▶ _Exercise details_
Please retype the material beneath this task exactly, starting with its first line and finishing with the line containing "Photo: Kawaii Cute".
____
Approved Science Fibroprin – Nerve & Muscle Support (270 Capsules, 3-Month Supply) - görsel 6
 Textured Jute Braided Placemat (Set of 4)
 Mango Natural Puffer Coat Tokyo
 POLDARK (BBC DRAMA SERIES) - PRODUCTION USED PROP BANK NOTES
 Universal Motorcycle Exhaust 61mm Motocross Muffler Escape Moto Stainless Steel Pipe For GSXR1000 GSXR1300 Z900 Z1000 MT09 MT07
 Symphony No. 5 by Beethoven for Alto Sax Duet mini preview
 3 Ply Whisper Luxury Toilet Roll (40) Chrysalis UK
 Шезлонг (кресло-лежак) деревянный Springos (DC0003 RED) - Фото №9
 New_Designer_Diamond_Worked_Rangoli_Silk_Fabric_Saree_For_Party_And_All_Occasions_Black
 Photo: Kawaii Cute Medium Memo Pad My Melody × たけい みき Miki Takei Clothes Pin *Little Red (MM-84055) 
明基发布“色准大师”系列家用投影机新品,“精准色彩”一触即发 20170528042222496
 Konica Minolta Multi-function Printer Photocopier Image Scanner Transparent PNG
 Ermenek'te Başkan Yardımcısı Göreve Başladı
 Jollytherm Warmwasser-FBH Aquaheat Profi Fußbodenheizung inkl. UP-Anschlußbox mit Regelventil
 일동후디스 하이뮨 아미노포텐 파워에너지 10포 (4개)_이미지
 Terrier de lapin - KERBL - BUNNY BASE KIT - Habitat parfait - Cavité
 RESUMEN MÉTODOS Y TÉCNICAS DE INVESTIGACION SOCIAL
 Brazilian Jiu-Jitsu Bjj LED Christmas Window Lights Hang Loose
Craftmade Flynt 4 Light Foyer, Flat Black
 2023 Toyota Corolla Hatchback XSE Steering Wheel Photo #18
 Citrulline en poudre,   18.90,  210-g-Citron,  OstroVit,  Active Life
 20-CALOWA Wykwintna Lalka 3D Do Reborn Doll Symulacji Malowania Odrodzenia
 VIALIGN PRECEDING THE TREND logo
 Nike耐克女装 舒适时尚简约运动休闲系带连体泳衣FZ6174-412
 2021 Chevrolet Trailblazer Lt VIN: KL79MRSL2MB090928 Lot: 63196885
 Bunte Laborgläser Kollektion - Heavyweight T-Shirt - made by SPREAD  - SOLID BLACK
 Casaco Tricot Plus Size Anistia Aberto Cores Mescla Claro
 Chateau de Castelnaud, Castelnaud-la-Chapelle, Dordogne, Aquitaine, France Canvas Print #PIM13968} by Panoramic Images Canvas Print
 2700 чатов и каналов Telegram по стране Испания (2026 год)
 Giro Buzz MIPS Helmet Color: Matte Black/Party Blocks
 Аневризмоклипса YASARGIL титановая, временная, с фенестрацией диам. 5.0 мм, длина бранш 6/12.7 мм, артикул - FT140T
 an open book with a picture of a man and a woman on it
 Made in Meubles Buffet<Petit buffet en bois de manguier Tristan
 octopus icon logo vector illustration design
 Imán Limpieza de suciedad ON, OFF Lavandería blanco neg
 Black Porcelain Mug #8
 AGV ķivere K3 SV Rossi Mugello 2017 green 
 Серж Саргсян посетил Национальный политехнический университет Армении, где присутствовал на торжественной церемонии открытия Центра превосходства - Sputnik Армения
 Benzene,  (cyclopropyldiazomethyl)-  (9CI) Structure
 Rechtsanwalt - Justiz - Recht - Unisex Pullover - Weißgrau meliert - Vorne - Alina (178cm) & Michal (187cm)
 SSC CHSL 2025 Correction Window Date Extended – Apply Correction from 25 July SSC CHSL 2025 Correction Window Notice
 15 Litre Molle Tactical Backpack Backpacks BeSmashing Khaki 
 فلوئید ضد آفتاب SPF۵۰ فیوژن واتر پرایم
____
▶ _Answer to the problem_
Approved Science Fibroprin – Nerve & Muscle Support (270 Capsules, 3-Month Supply) - görsel 6
 Textured Jute Braided Placemat (Set of 4)
 Mango Natural Puffer Coat Tokyo
 POLDARK (BBC DRAMA SERIES) - PRODUCTION USED PROP BANK NOTES
 Universal Motorcycle Exhaust 61mm Motocross Muffler Escape Moto Stainless Steel Pipe For GSXR1000 GSXR1300 Z900 Z1000 MT09 MT07
 Symphony No. 5 by Beethoven for Alto Sax Duet mini preview
 3 Ply Whisper Luxury Toilet Roll (40) Chrysalis UK
 Шезлонг (кресло-лежак) деревянный Springos (DC0003 RED) - Фото №9
 New_Designer_Diamond_Worked_Rangoli_Silk_Fabric_Saree_For_Party_And_All_Occasions_Black
 Photo: Kawaii Cute Medium Memo Pad My Melody × たけい みき Miki Takei Clothes Pin *Little Red (MM-84055) 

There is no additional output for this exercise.